The coyotes have stayed with us almost constantly. They are very small. They do hunt small things and I would say that keeping an eye on children is a given wherever you are. Predator humans, predator animals might target your child.
THE SUSPICIOUS PART OF THIS STORY IS THAT A LONE COYOTE SUPPOSEDLY JUMPED ONTO A HUMAN CHILD AND BIT ITS NECK AND DID NOT INFLICT ANY WOUND.
Coyotes are typically very skittish animals. They sometimes hunt in groups and they count on frightening and confusing the prey by yipping in a way that makes the group seem larger and everywhere. The prey panics and runs and gets bitten until it weakens. If the prey is not fast enough to run like that the coyote grabs the neck in a very powerful predator move and kills it.
I have also watched a mother coyote leave a group of pups and go hunting rabbits or cats or anything to feed the pups. They tend to be found in that configuration when the pups are small.
When they grab a small prey item they do not mess around. To do so risks injury or death. They immediately hit the neck and snap the backbone with a single bite or series of extremely fast chomps.
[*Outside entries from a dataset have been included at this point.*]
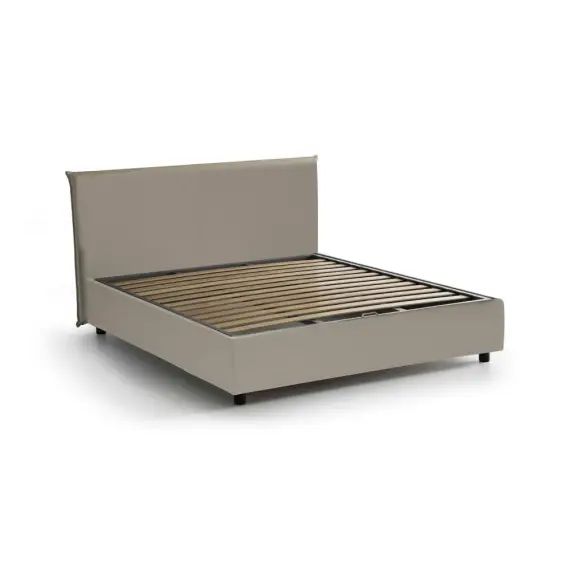 Lit coffre 140×190 cm en éco-cuir gris taupe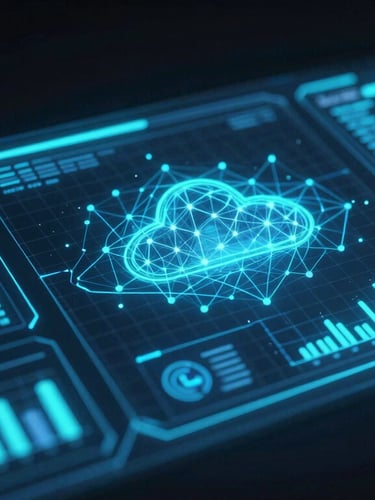 Sleek holographic dashboard displaying business analytics, cybersecurity grids, and cloud network nodes, glowing electric blue and cyan vector accents, dark obsidian background, cinematic 3D render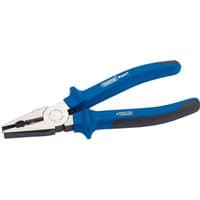 Blue and silver Draper Expert 180mm combination pliers with soft grip handles and heavy-duty design.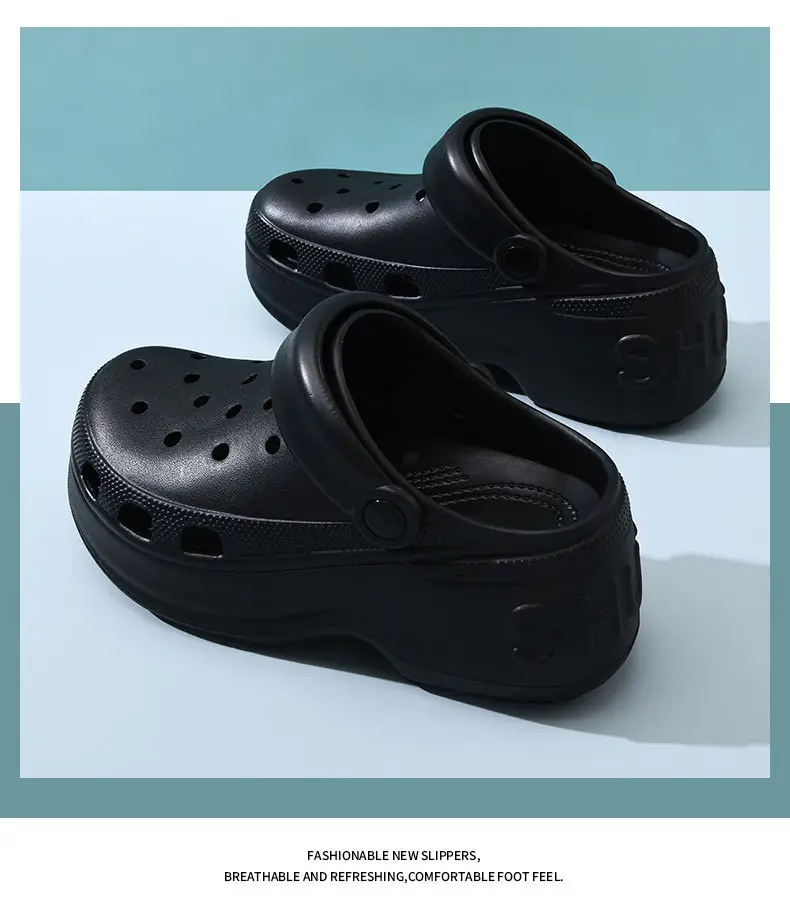 Hole Shoes Increased Thick-soled Women's Non-slip Breathable Slippers for Outer Wear Beach Summer Baotou Wear-resistant Non-dirty Sandals — feature 15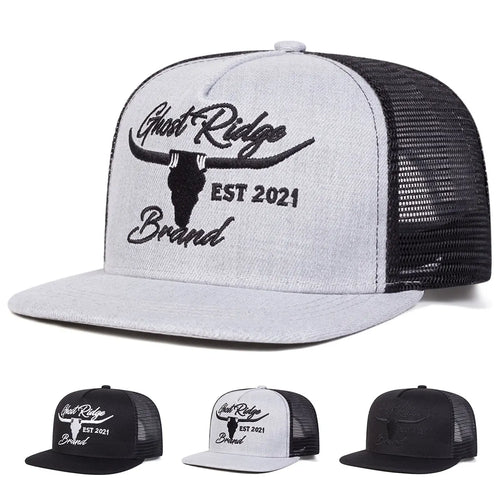 Unisex Bullhead Letter Embroidery Hip-Hop Net Hats Spring Summer Outdoor Adjustable Casual Baseball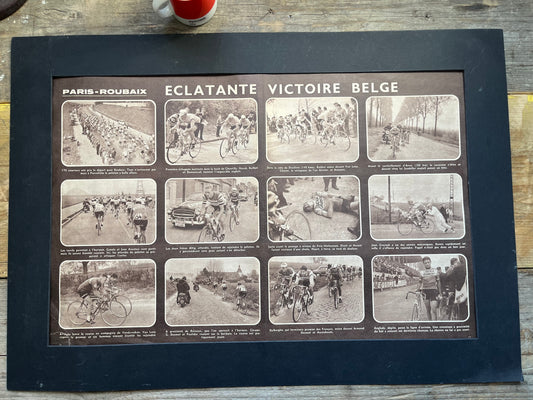 Vintage Cycling Print -Paris-Roubaix Race, Original 1959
The prey is instantly paralyzed and grasped and carried away to a safe place.
If that was a coyote I can not imagine what it was doing jumping on the back of a living child in the presence of other large humans and then failing to inflict any wound.
I might buy the story that something frightened a sleeping coyote so much that it failed to think and jumped up to escape and a child happened to be in the place it landed before it ran off.
It is just entirely illogical and sounds like someone trying to create a scare because they want someone to eliminate what they perceive as a threat.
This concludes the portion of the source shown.